### [MATERIAL FOR THIS EXERCISE]
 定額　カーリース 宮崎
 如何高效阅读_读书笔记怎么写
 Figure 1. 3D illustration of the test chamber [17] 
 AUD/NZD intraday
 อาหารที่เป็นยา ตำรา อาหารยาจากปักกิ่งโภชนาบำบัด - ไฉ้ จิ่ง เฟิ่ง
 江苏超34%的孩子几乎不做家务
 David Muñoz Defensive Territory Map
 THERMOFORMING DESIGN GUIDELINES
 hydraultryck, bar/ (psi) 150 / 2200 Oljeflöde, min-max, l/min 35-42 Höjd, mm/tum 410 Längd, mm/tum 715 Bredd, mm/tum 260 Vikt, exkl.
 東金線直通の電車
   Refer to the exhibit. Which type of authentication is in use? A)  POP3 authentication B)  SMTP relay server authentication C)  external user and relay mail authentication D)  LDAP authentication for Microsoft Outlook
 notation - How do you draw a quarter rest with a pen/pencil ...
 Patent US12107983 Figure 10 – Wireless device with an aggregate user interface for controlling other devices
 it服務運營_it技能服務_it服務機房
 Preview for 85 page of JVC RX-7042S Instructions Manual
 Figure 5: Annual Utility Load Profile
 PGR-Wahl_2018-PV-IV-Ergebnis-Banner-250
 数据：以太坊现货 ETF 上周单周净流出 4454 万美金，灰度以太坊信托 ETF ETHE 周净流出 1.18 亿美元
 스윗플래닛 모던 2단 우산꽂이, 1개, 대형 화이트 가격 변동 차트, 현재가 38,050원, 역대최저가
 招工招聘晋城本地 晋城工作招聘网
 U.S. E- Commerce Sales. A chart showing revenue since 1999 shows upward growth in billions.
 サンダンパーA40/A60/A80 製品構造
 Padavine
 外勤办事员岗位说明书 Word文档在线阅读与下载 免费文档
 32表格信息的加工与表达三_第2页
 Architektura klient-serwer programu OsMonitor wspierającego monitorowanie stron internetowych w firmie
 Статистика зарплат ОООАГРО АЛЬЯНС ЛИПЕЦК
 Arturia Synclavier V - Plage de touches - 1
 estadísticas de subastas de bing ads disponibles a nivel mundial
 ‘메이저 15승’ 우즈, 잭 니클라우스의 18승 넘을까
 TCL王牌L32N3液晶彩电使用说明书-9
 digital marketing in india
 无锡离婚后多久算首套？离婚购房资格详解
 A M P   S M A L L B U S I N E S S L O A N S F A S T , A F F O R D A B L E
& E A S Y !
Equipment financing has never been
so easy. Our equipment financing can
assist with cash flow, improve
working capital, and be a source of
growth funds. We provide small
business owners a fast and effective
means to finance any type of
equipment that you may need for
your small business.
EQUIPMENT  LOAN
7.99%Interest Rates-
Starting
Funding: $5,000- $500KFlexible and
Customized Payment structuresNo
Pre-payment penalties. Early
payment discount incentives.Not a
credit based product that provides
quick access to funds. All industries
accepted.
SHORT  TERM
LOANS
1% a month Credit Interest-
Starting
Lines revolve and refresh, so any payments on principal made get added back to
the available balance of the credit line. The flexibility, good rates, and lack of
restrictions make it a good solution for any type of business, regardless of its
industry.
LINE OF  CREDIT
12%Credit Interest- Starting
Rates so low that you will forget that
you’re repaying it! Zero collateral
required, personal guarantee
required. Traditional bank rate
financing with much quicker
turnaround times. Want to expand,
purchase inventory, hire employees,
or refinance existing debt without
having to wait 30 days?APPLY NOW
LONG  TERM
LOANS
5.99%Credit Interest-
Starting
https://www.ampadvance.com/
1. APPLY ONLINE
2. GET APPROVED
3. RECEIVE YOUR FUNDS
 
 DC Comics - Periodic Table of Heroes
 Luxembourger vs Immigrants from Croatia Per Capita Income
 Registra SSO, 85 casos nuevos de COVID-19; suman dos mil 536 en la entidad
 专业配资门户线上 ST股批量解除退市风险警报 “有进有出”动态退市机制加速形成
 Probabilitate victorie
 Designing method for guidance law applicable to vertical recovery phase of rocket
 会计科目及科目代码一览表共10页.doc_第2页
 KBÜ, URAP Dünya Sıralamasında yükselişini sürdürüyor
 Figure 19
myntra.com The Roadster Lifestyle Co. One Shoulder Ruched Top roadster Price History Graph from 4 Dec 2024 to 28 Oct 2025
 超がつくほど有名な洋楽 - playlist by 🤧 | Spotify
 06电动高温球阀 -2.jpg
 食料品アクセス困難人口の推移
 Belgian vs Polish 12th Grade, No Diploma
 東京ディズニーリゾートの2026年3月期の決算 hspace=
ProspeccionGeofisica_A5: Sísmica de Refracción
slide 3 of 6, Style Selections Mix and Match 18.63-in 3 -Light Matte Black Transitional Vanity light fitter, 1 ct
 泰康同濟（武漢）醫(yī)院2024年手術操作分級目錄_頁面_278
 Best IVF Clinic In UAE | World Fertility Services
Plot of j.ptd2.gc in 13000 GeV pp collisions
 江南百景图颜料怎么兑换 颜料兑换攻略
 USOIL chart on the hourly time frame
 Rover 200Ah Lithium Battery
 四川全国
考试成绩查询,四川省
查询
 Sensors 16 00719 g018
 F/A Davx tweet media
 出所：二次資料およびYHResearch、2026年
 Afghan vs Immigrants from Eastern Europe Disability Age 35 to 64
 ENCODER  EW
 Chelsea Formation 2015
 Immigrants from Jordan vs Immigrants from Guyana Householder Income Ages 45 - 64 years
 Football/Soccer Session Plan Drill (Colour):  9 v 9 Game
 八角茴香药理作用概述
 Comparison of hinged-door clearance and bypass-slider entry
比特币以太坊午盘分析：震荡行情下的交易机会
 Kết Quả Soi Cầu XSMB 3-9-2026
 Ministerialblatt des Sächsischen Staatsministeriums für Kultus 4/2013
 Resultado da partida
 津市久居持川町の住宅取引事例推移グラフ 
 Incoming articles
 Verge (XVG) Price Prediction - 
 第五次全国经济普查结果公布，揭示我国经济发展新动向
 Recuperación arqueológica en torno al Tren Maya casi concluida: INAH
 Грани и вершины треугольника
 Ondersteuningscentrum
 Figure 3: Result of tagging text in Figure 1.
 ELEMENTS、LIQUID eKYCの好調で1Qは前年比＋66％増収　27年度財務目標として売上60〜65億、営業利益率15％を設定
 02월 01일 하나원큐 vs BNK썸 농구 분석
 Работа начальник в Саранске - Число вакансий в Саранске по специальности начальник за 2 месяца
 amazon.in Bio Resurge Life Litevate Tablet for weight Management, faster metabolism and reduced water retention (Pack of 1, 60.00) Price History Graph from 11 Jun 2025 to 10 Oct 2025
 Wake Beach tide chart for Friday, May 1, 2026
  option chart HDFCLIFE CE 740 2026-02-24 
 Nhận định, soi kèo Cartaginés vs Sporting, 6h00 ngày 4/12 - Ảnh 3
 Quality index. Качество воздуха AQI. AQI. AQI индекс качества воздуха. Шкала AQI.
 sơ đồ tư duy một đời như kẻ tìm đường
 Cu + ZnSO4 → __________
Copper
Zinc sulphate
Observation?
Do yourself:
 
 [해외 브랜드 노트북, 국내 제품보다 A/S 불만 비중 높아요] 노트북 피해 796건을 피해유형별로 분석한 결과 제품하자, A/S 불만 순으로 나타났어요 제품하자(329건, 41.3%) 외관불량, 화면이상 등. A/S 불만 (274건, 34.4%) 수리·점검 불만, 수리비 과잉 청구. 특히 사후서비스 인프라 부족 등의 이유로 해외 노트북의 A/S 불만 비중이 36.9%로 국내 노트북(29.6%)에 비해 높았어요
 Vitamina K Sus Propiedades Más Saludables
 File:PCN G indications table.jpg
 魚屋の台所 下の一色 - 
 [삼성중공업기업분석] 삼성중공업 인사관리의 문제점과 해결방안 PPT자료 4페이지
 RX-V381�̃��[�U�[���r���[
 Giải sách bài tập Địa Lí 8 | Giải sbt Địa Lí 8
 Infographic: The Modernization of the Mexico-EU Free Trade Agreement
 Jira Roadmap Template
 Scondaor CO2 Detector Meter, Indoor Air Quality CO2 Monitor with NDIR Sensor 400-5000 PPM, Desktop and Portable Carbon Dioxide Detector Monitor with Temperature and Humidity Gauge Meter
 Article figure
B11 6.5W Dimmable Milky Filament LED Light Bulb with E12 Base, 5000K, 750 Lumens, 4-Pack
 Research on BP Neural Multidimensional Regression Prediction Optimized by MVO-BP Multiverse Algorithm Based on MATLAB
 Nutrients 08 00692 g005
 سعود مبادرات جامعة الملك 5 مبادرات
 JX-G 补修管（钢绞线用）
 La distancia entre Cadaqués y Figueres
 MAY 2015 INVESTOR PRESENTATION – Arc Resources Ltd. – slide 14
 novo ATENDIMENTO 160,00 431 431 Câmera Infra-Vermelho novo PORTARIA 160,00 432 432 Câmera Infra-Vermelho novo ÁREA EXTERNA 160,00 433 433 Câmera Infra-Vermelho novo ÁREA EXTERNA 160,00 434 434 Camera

### [PROBLEM TO WORK ON]
In the records above, each line with the string "Quality" should be copied.

### [SOLUTION TO THIS TASK]
 Quality index. Качество воздуха AQI. AQI. AQI индекс качества воздуха. Шкала AQI.
 Scondaor CO2 Detector Meter, Indoor Air Quality CO2 Monitor with NDIR Sensor 400-5000 PPM, Desktop and Portable Carbon Dioxide Detector Monitor with Temperature and Humidity Gauge Meter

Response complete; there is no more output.